Summertime weekend barbeques can be a great time for you to get together with your family and friends. And, while you’re at the grill working on the perfect hot dog, all the divine smells and foods are probably driving your pooch completely crazy, with him making the rounds of the table looking for a way to get a nibble of the yummy hot dog.
Your pet would probably scarf down a bunch of hot dogs in a jiffy. But, before you give in to your pooch’s adorable requests for nibbles, you should consider the fact that hot dogs are not really the best food for your pet. Not only are hot dogs hazardous for your pooch’s health, but they can also be a choking hazard too. So, before you offer your furry pet a hot dog, here a few things you should know.
Hot Dog Hazards
Any processed food, particularly food that’s made for humans, is not the healthiest option for your dog. And, hot dogs are not the most nutritionally healthy foods.
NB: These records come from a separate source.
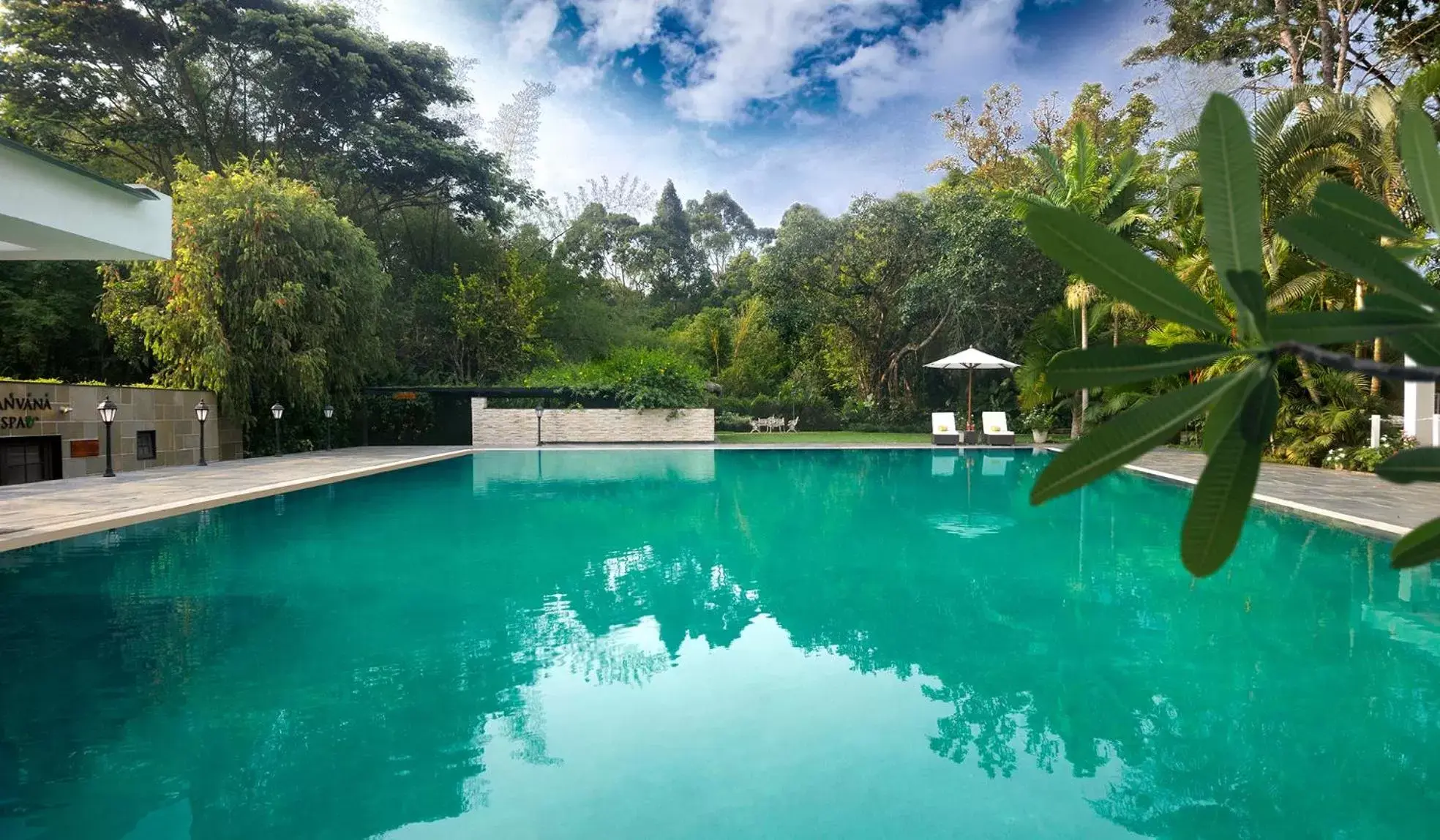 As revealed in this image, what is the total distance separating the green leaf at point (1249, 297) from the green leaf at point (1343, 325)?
0.01 metres

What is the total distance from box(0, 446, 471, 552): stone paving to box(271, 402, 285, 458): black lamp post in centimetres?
46

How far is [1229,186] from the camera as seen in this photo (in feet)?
2.33

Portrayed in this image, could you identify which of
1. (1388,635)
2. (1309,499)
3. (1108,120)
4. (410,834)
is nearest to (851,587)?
(1388,635)

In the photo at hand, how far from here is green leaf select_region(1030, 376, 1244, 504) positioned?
2.20ft

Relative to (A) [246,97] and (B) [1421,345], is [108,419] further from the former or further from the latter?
(B) [1421,345]

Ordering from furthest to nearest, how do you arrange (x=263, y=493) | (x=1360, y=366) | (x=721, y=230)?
(x=721, y=230) < (x=263, y=493) < (x=1360, y=366)

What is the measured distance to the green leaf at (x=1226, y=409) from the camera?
2.21ft

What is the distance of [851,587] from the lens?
6445 mm

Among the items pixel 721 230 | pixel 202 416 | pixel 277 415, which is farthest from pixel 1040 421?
pixel 721 230

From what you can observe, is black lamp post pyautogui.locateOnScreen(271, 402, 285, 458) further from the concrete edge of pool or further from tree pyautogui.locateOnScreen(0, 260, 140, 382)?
the concrete edge of pool

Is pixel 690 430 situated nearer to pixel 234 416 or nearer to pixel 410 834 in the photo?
pixel 234 416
Hot dogs have been historically made by using cuts of meat that are less desirable, which are usually ground up and put into a sausage casing.
Store-bought, cheap hot dogs are usually made of unknown highly processed meats and contain artificial flavorings, artificial colors, nitrites, nitrates and fat. While these may be extremely delicious, they have loads of ingredients and preservatives that are not very good for your pet.
The hot dog also contains loads of salt, which comprises more than 500 mg of sodium, which is 2x more than the recommended amount of sodium for a dog that weighs around 33 lb. Any quantity of sodium exceeding the recommended limits can cause dehydration and also increase your pet’s risk of high blood pressure and cardiovascular disease.
Hot dogs contain artificial ingredients that are harmful to your pooch’s digestive system. Most hot dogs commonly contain sodium nitrate, a preservative that studies show is linked to cancer. Hot dogs are also seasoned with various flavorings such as garlic, onion and MSG (monosodium glutamate), which can be quite toxic for dogs.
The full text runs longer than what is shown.